# [WHAT IS REQUIRED]
Extract precisely the lines of the entries below, from the first line through the line containing "帝京長岡高等学校 2024年春受験用（新潟県私立高等学校入学試験問題集） [全集叢書]".

# [SUPPLIED MATERIAL]
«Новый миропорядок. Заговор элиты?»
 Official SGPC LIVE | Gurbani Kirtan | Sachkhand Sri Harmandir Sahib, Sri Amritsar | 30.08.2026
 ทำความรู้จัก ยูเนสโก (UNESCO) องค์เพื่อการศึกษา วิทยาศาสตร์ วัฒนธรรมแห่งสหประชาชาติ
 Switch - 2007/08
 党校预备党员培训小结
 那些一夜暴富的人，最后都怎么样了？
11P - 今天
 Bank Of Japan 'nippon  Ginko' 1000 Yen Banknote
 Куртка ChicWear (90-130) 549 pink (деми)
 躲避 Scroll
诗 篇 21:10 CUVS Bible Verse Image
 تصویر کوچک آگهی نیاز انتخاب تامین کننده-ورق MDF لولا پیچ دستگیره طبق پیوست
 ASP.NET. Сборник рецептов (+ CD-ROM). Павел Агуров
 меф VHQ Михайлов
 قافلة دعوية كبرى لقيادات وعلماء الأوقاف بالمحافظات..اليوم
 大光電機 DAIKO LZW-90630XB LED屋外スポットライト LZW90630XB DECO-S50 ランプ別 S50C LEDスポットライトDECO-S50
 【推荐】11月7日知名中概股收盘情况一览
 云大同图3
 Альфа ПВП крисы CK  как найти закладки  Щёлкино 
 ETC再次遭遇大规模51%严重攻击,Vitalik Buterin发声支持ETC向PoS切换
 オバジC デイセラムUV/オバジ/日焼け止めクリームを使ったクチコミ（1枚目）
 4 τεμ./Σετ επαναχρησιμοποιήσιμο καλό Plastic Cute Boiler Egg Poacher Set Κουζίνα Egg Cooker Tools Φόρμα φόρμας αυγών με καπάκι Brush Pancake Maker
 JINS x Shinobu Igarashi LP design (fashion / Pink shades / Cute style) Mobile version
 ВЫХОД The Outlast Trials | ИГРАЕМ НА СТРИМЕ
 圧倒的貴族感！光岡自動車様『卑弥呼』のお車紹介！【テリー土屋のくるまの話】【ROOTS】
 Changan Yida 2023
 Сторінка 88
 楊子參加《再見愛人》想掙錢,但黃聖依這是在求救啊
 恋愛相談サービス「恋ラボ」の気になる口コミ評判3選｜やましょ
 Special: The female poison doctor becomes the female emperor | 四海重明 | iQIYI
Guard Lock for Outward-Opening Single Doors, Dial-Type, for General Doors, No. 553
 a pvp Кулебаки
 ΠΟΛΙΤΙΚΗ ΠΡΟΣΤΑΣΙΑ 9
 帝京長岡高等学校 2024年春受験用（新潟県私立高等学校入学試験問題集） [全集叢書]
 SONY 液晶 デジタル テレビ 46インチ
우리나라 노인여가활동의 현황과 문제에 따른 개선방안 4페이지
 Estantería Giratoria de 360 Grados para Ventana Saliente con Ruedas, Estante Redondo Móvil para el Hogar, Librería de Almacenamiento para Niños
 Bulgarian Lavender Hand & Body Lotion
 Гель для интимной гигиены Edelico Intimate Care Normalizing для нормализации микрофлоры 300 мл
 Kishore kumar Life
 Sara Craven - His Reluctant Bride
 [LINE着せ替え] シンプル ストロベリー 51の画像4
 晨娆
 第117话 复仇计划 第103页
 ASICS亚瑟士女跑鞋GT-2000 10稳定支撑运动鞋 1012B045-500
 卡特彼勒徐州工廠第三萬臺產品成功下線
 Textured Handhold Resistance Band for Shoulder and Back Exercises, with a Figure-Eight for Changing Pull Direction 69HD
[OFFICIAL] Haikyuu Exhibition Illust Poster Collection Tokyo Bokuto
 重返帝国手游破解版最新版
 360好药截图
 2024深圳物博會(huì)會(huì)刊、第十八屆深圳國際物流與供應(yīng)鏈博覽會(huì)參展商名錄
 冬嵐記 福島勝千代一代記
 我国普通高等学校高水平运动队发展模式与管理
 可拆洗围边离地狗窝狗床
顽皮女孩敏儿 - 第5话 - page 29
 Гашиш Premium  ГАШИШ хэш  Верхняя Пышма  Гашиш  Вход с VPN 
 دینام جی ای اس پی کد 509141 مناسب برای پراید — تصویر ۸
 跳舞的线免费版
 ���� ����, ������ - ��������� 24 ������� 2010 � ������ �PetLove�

# [TASK OUTPUT]
«Новый миропорядок. Заговор элиты?»
 Official SGPC LIVE | Gurbani Kirtan | Sachkhand Sri Harmandir Sahib, Sri Amritsar | 30.08.2026
 ทำความรู้จัก ยูเนสโก (UNESCO) องค์เพื่อการศึกษา วิทยาศาสตร์ วัฒนธรรมแห่งสหประชาชาติ
 Switch - 2007/08
 党校预备党员培训小结
 那些一夜暴富的人，最后都怎么样了？
11P - 今天
 Bank Of Japan 'nippon  Ginko' 1000 Yen Banknote
 Куртка ChicWear (90-130) 549 pink (деми)
 躲避 Scroll
诗 篇 21:10 CUVS Bible Verse Image
 تصویر کوچک آگهی نیاز انتخاب تامین کننده-ورق MDF لولا پیچ دستگیره طبق پیوست
 ASP.NET. Сборник рецептов (+ CD-ROM). Павел Агуров
 меф VHQ Михайлов
 قافلة دعوية كبرى لقيادات وعلماء الأوقاف بالمحافظات..اليوم
 大光電機 DAIKO LZW-90630XB LED屋外スポットライト LZW90630XB DECO-S50 ランプ別 S50C LEDスポットライトDECO-S50
 【推荐】11月7日知名中概股收盘情况一览
 云大同图3
 Альфа ПВП крисы CK  как найти закладки  Щёлкино 
 ETC再次遭遇大规模51%严重攻击,Vitalik Buterin发声支持ETC向PoS切换
 オバジC デイセラムUV/オバジ/日焼け止めクリームを使ったクチコミ（1枚目）
 4 τεμ./Σετ επαναχρησιμοποιήσιμο καλό Plastic Cute Boiler Egg Poacher Set Κουζίνα Egg Cooker Tools Φόρμα φόρμας αυγών με καπάκι Brush Pancake Maker
 JINS x Shinobu Igarashi LP design (fashion / Pink shades / Cute style) Mobile version
 ВЫХОД The Outlast Trials | ИГРАЕМ НА СТРИМЕ
 圧倒的貴族感！光岡自動車様『卑弥呼』のお車紹介！【テリー土屋のくるまの話】【ROOTS】
 Changan Yida 2023
 Сторінка 88
 楊子參加《再見愛人》想掙錢,但黃聖依這是在求救啊
 恋愛相談サービス「恋ラボ」の気になる口コミ評判3選｜やましょ
 Special: The female poison doctor becomes the female emperor | 四海重明 | iQIYI
Guard Lock for Outward-Opening Single Doors, Dial-Type, for General Doors, No. 553
 a pvp Кулебаки
 ΠΟΛΙΤΙΚΗ ΠΡΟΣΤΑΣΙΑ 9
 帝京長岡高等学校 2024年春受験用（新潟県私立高等学校入学試験問題集） [全集叢書]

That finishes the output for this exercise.